January 27th 1:45pm – 7:30pm AEDT
Convener: Joshua Brown Senior Lecturer and Convenor, Italian Studies, Australian National University and Katrina Grant Senior Lecturer, Centre for Digital Humanities Research, Australian National University
If we accept that making sharing and reuse of data (consistent with ethical considerations) should be the default, managing even small amounts of data can be onerous. Having infrastructures which can take on the task relieves researchers of some of this burden and brings advantages: more reliable FAIR compliance, access to data management experts, more responsive to changing technology (at least for the life of the infrastructure)
Regardless of where data is housed, access will be through one portal (external data may also be accessible by other routes). Access control will follow the CARE Principles for Indigenous Data Governance where original providers of data have moral rights which must be considered, data owners/custodians will control lists of authorised users.

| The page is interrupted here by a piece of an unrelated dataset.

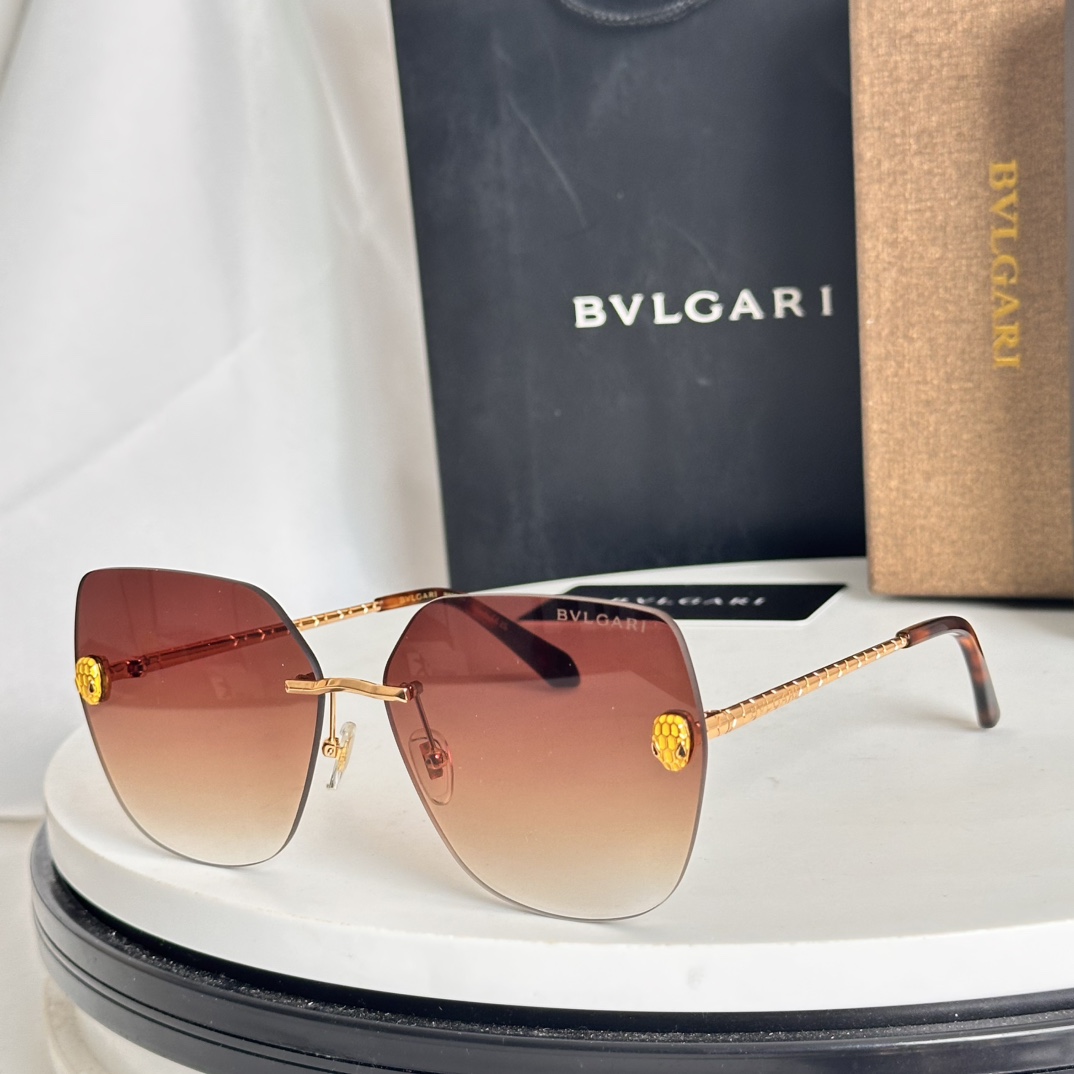 。 ‼️BVLGAR*MODEL：BV40030USIZE：66口15-145 🐜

'record language use in Australia' covers a huge range of possibilities. Current figures on slide, plus at least 250 Australian languages pre-European arrival, at least half no longer spoken but records remain (not for all). Unicode is not always without problems – how are we doing in meeting these goals so far? First, the architecture....

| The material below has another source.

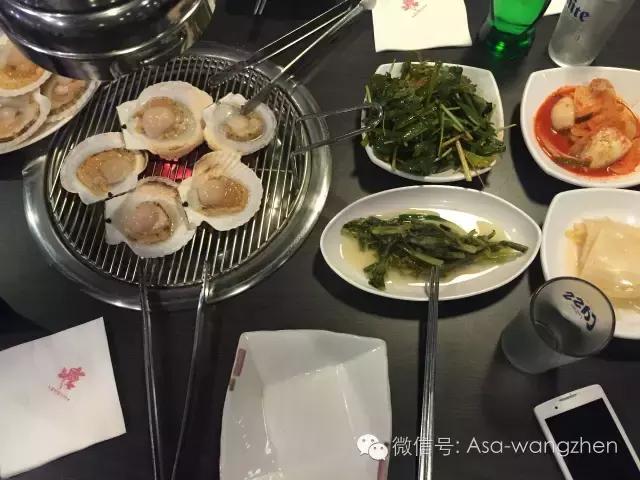 小早游韩国|美好的时光总是那么短暂~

The LDaCA technical architecture is based on the Arkisto platform, storing data in the Oxford Common File Layout (OCFL), with data objects such as linguistic items and collections described in detail using Research Object Crate (RO-Crate). RO-Crate is a linked-data approach to describing data which is based on widely used standards for structural and descriptive properties such as dates and contributors, with extensions for language data being built on work in the Open Language Archives (OLAC). RO-Crate is an international collaboration with diverse contributors, the specification is in English and most RO-Crates at this point have English metadata and contents, but there is demand for content in other languages and future versions of the spec will cover multilingual use cases.

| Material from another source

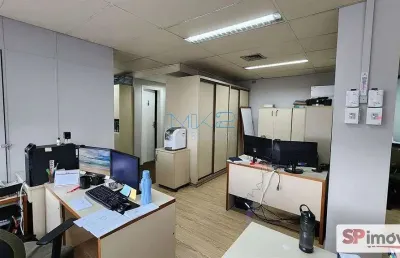 Andar corporativo para locação, bela vista, são paulo, sp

Simon pointed out here that the languages all use different writing systems, 3 completely distinct systems (Turkish and Vietnamese use extended Roman scripts, Farsi uses an Arabic based script)
This quick demonstration screencast shows a work-in-progress prototype of the LDaCA portal which will give controlled access to language resources to those who are licensed to see them – in this demonstrator we have openly available multilingual Australian Government documents in PDF and text format and a small history dataset containing interviews with women from Western Sydney, Farms to Freeways. Eventually the LDaCA repository will contain a wide variety of data including speech, video, sign, images and digitized text with a browse and search interface to allow researchers to find data they are interested in – provided, of course that they have been granted an appropriate licence to view and use the data. In this demonstration our colleague Moises Sacal Bonequi peforms searches in different languages to find repository objects of interest. Each object has multiple translations stored in separate files, in both PDF and text format.
Is there data in Australia which makes it worth worrying about this? Yes – at least two important sources of written material, plus this is an under-researched field with lots of questions to be answered and therefore lots of data to be collected. For example, there is research on differing usage in Vietnamese depending on speakers' time of arrival in Australia (1970s v. later), yet to be replicated with other similarly time-layered communities.